Cyclictest utility reports latency increase when telegraf is running with intel-powerstat plugin on preempt-rt kernel
Relevant telegraf.conf
[agent]
collection_jitter = "0s"
debug = false
flush_interval = "10s"
flush_jitter = "0s"
hostname = "$HOSTNAME"
interval = "10s"
logfile = ""
metric_batch_size = 1000
metric_buffer_limit = 10000
omit_hostname = false
precision = ""
quiet = false
round_interval = true
[[outputs.prometheus_client]]
listen = ":9273"
[[inputs.cpu]]
percpu = true
totalcpu = true
collect_cpu_time = false
report_active = false
[[inputs.linux_cpu]]
metrics = ["cpufreq"]
interval = "30s"
[[inputs.ipmi_sensor]]
interval = "30s"
timeout = "20s"
metric_version = 1
use_sudo = false
[[inputs.intel_powerstat]]
cpu_metrics = ["cpu_frequency", "cpu_busy_frequency", "cpu_temperature", "cpu_c0_state_residency","cpu_c1_state_residency", "cpu_c6_state_residency", "cpu_busy_cycles"]
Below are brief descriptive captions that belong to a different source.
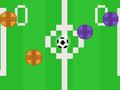 游戏Shoot & Goal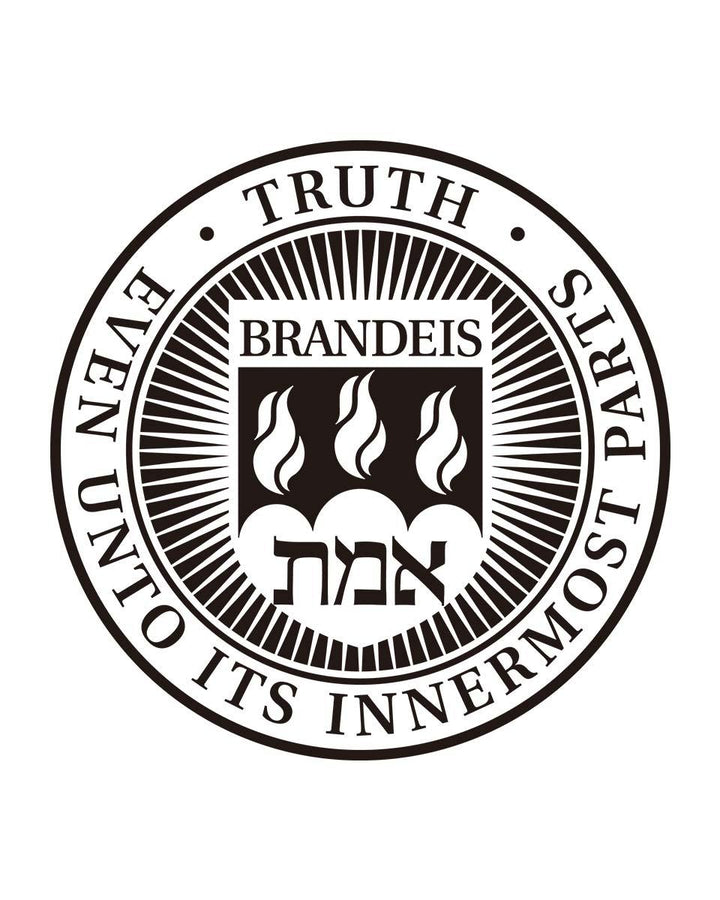Brandeis University Doctoral Regalia - Graduation Seller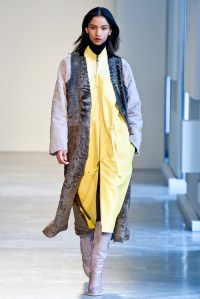 Agnona RTW Fall 2018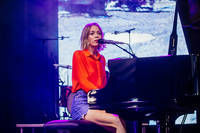 2022-08-12 - Frida Hyvönen från Way Out West, Göteborg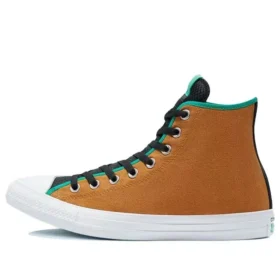 Chuck Taylor All Star “Khaki Green”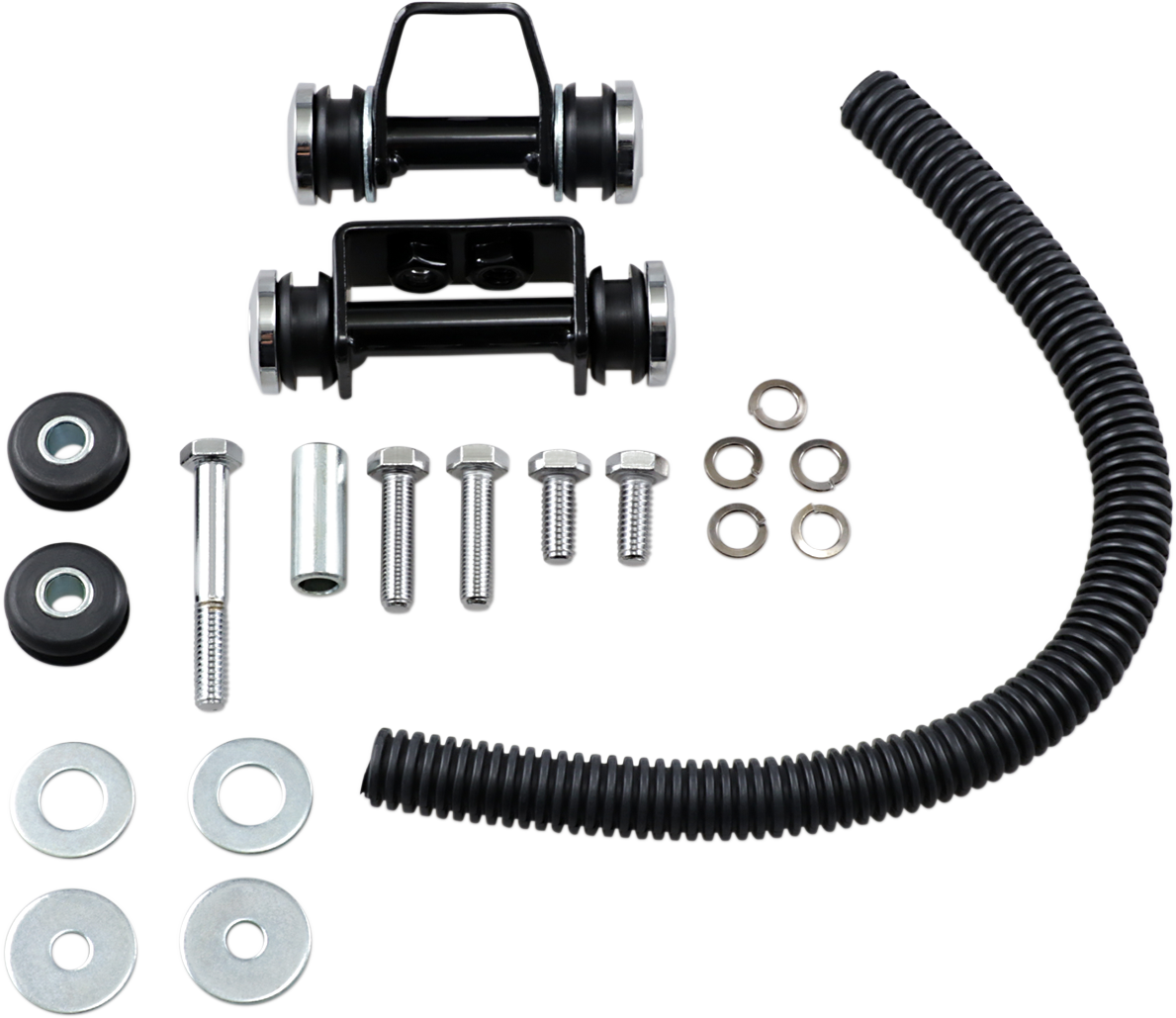 Custom Mounting Kit — Ramjet Racing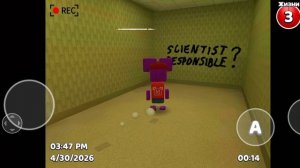 как попасть в закулисье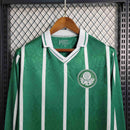 CAMISA PALMEIRAS RETRO LONG SLEEVE
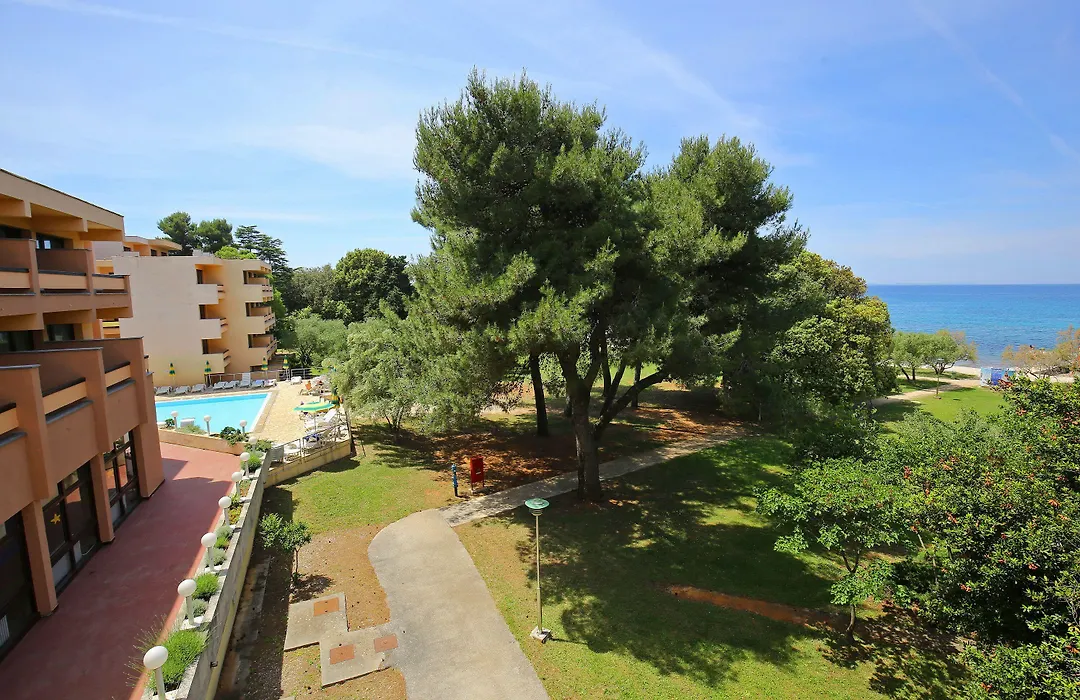 Hotel Donat-1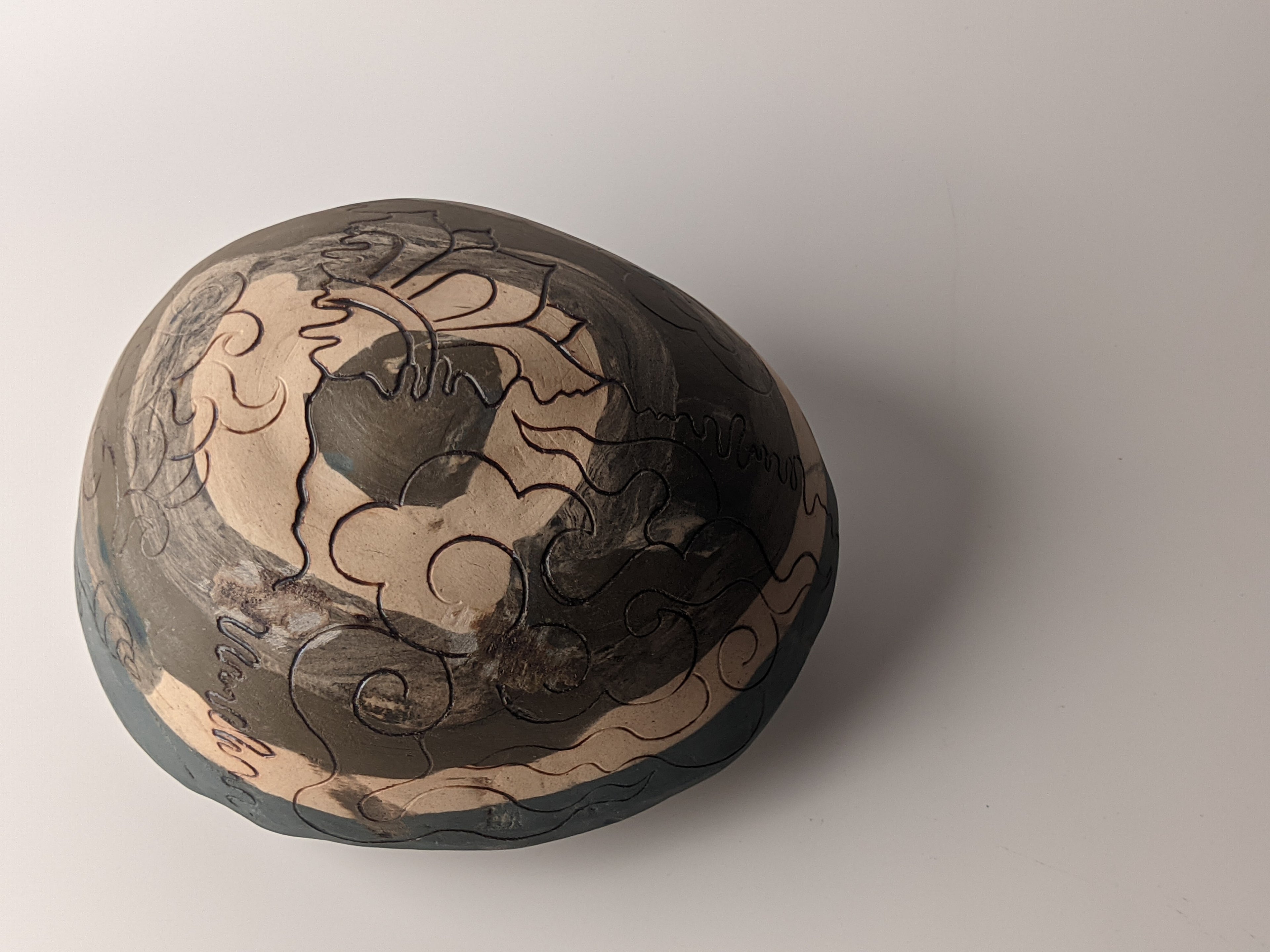 Lost & Found Object 4 - Aditya Sharma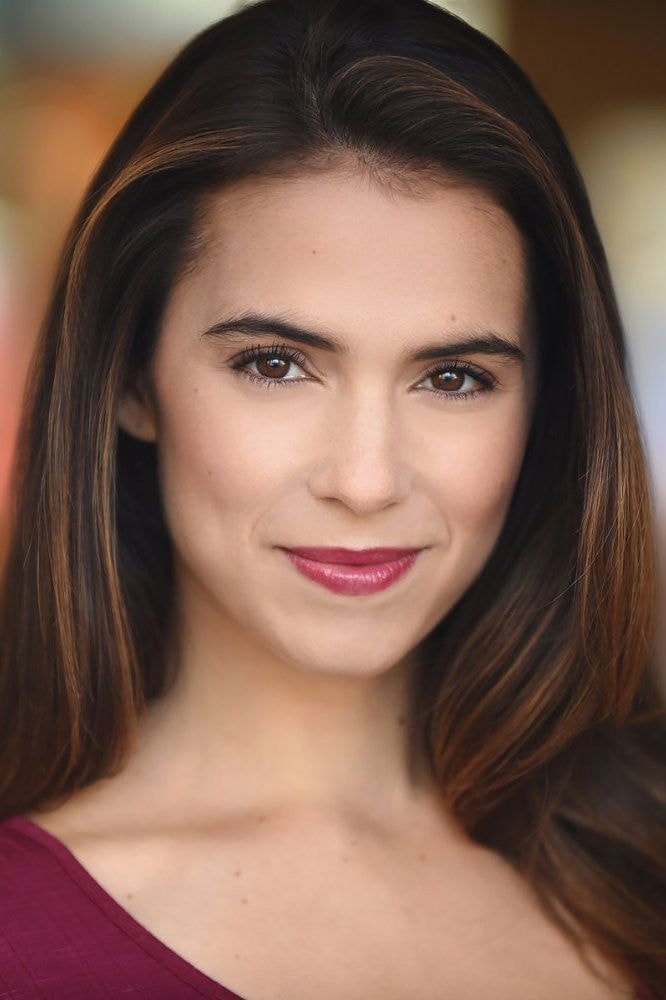 Foto de Rachel Cora Wood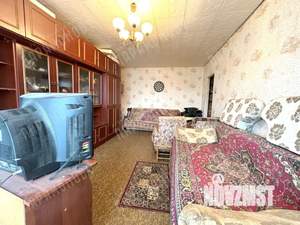 2-к квартира, вторичка, 50м2, 9/9 этаж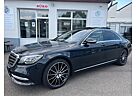 Mercedes-Benz S 350 d*Airmatic*Distro*H-up*Panor*Keyless*360°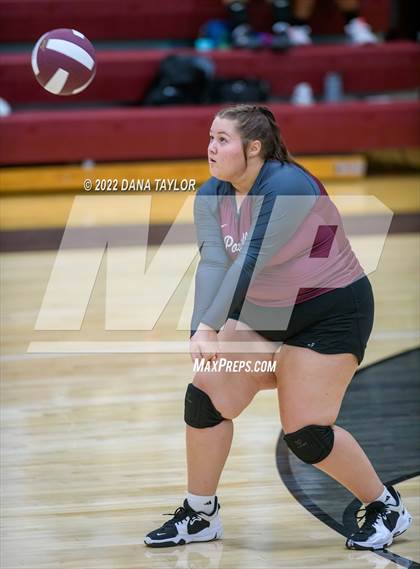 Thumbnail 2 in Poolville vs Tioga (Poolville Summer Slam Tournament) photogallery.
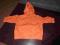 SUPER KURTECZKA BABY GAP, ROZM. 6-12 M-CY, KAPTUR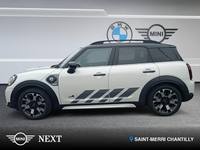 MINI (F60) COOPER SE ALL4 220 UNTAMED PLUS BVA6
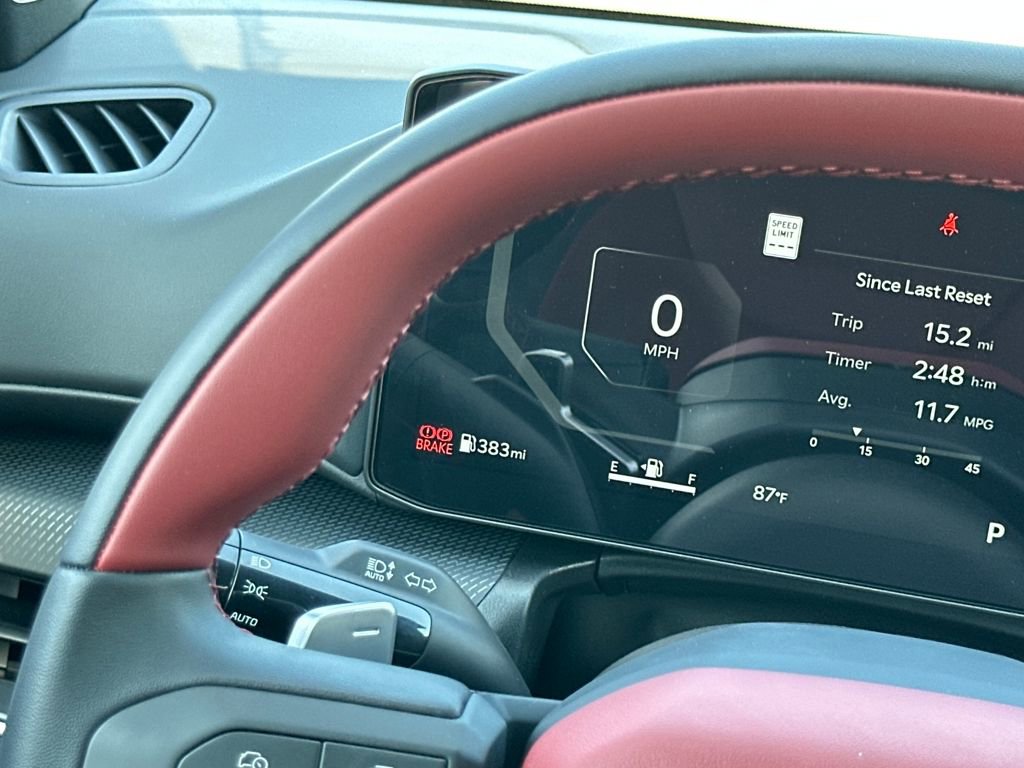 New 2025 Kia K4 GT-Line image 22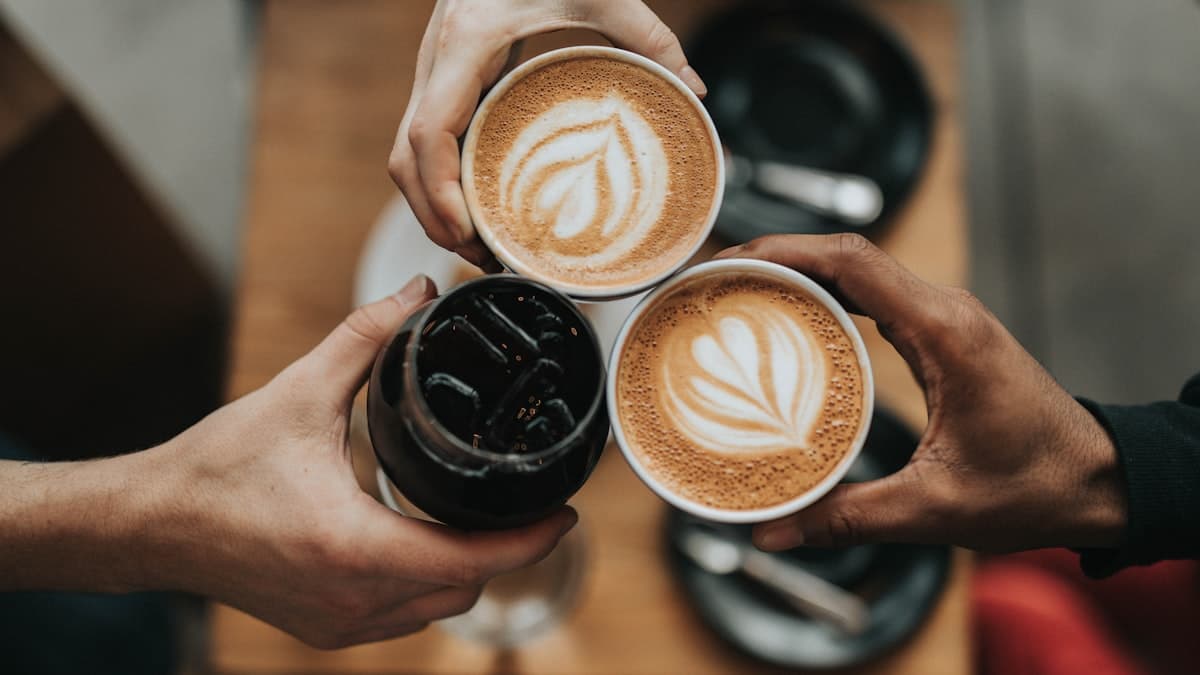 Kafe Franchise Açmadan Önce Bilmeniz Gerekenler kapak görseli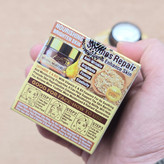 کرم ترمیم کننده شبانه پوست جوانه جو دوسر آوینا کد HA_3116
package_metrics = ["current_power_consumption", "current_dram_power_consumption" ,"thermal_design_power", "cpu_base_frequency" ,"uncore_frequency"]
[[inputs.mem]]
Logs from Telegraf
This issue does not show any relevant information on logs
System info
Telegraf 1.27.3, Debian 11, linux-yocto-rt kernel 5.10 with upstream patches
Docker
No response
Steps to reproduce
- Use a preempt-rt kernel on a linux distribution
- Install rt-tests package from your linux distribution (or compile it from source at https://git.kernel.org/pub/scm/utils/rt-tests/rt-tests.git)
- With the system on steady state, execute cyclictest utility from a long period of time (at least 6 hrs) and save latency output data for reference.
- Start telegraf without intel-powerstat plugin enabled
- Execute cyclictest utility and save latency output data
- Start telegraf with intel-powerstat plugin enabled
- Execute cyclictest utility and save latency output data
Expected behavior
Latencies from telegraf execution with and without intel-powerstat plugin should not differ so much
Actual behavior
There is a huge difference on latencies when telegraf is running with intel-powerstat plugin
Additional info
Further investigation indicated this occurs because of the concurrent read of MSR with goroutines.
Hi,
There is a huge difference on latencies between steady state and telegraf execution
Can you quantify what this actually looks like in practice?
Latencies from steady state system and telegraf execution should not differ so much
You are comparing an idle system to one that is actively getting metrics about the system every 10 seconds. I would expect there to be differences. As is, I am not clear on what the actionable item is with this issue.
@zak-pawel any additional thoughts?
Hi @powersj, I missed to inform another test case, that is telegraf without intel-powerstat plugin, sorry. I will edit the issue to make it clear.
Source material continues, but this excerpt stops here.